The leaders of the Unified Communist Party of Nepal (Maoist) seem to have settled their internal rifts with remarkable geniality – for now. The central committee meeting of the party Monday passed chairman Pushpa Kamal Dahal’s political paper dividing organizational duties among the key protagonists flexing their muscles.
While the latest rejigging might not be enough to allow the party to focus on peace and the constitution – which Dahal’s document has called its main agenda – Maila Baje thinks it does allow the Maoists to deflect some of the blame for missing the next crucial national deadline on August 28.
According to Dahal’s proposal, senior vice-chairman Mohan Baidya will head the party’s organization department along with the disciplinary body while vice-chairman Baburam Bhattarai will chair the parliamentary board and will be the prime minister candidate for the future government. Similarly, another vice-chairman Narayan Kaji Shrestha will lead the party’s team in the current government complete with home portfolio until Bhattarai can take the top job at some unspecified future date. General secretary Ram Bahadur Thapa will oversee the military commission.
In the end, the much-ballyhooed Bhattarai-Baidya alliance, which saw Shrestha and Badal jump into the fray from their own vantage points, has ended up with Dahal staying put. Appearing to deconcentrate authority, he has in fact created an opportunity to play each rival off against the others.

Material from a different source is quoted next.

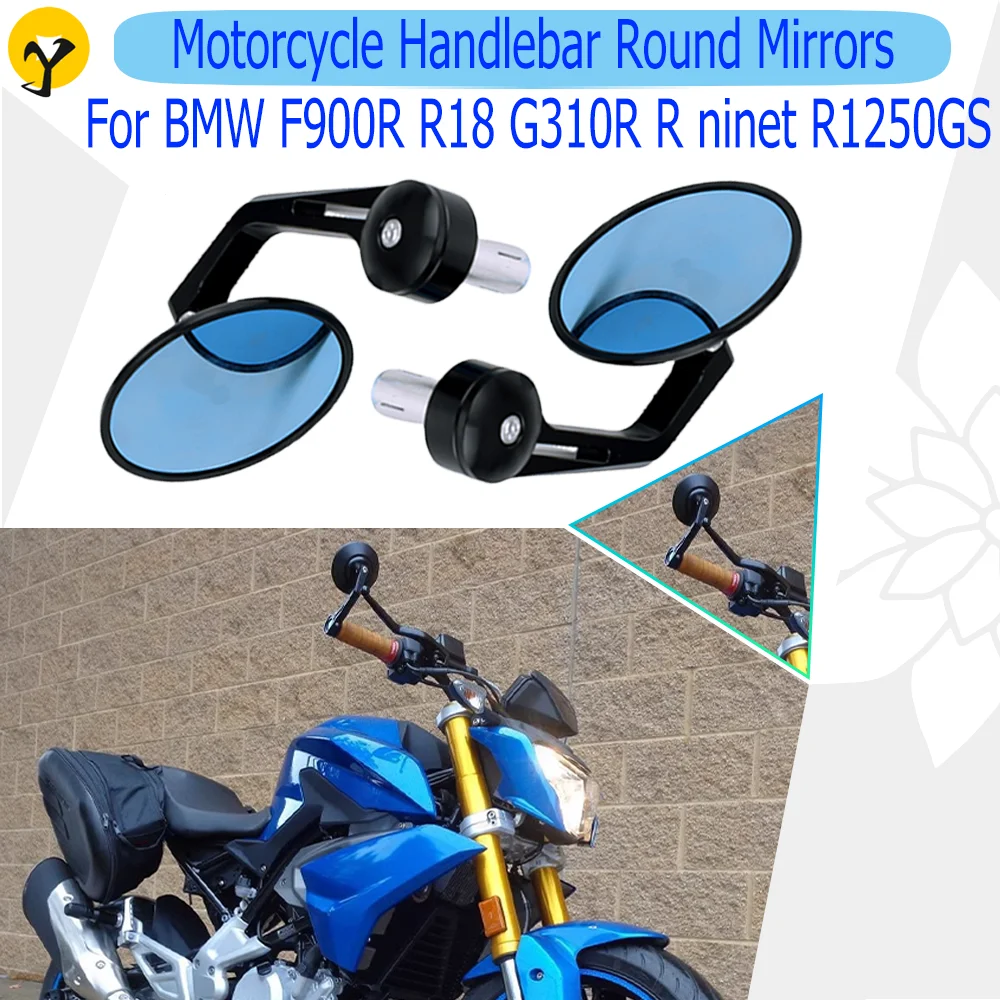 

For BMW R1250GS R18 G310R F900R R1200GS ADV F650GS K1200S Motorcycle Rearview Mirrors Retro Round Mirrors Exterior Accessories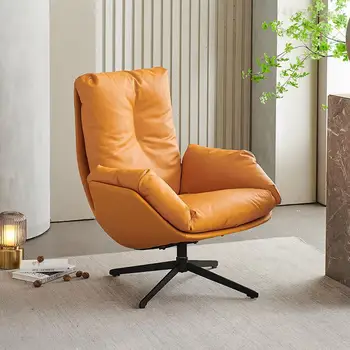  Роскошное Дизайнерское кресло Кожаная спальня Креативное Минималистичное кресло Nordic Lounge Современная мебель для квартиры Muebles Para El Hogar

Dahal knew his gambit would rile Prime Minister Jhal Nath Khanal and the Nepali Congress even before he got his rivals’ nods over the weekend. Both have not taken kindly to the Maoists’ effort at invoking extraterritorialism especially vis-à-vis the council of ministers.
Still, the settlement suits the other Maoist leaders just fine. Baidya and Bhattarai could rise above their ideological differences to challenge Dahal because they had other overriding imperatives. Baidya, in light of the all-round mockery Dahal’s pronouncements seem to be evoking within the nation, perceived the Chinese as being no less miffed.
Ever the man to publicly shun responsibility outside the party, Baidya sought to project Bhattarai as an alternative to Dahal. But only after ensuring a monumental geopolitical transformation behind the scenes. Baidya, we are told, has been instrumental in Bhattarai’s growing contacts with the Chinese. (Whether our hardest-line Maoist had any role in conferring the ‘Nepalese Deng Xiaoping’ title from a visiting Chinese dignitary remains unclear, though.)
Bhattarai, on the other hand, has grown disenchanted by how his gulf with Baidya has served to strengthen Dahal. Regardless of the genuineness of a Bhattarai tilt northward, the posture itself, Baidya knows, would be enough to rattle Dahal and sow a few seeds of distrust in Delhi. Baidya, unsure of the depths of Bhattarai’s southern grounding, was, however, happy to see him named prime ministerial candidate only to be checked by Dahal, who continues as leader of the parliamentary party.
Shrestha’s 11th hour posturing must have been viewed with some suspicious by both Baidya and Bhattarai, perhaps even as something sponsored by the wily Dahal. Badal’s movements may have been aimed at maintaining his own relevance in the affair, but it did have the added effect of diluting the opposition to Dahal. So the protagonists realized the folly of continued brinkmanship and sought a safe landing.
Given the goings-on in the other political parties left, right and center, the Maoists’ landing was the safest it could have been. So does it really matter whether the affair was a ruse all along or was for real?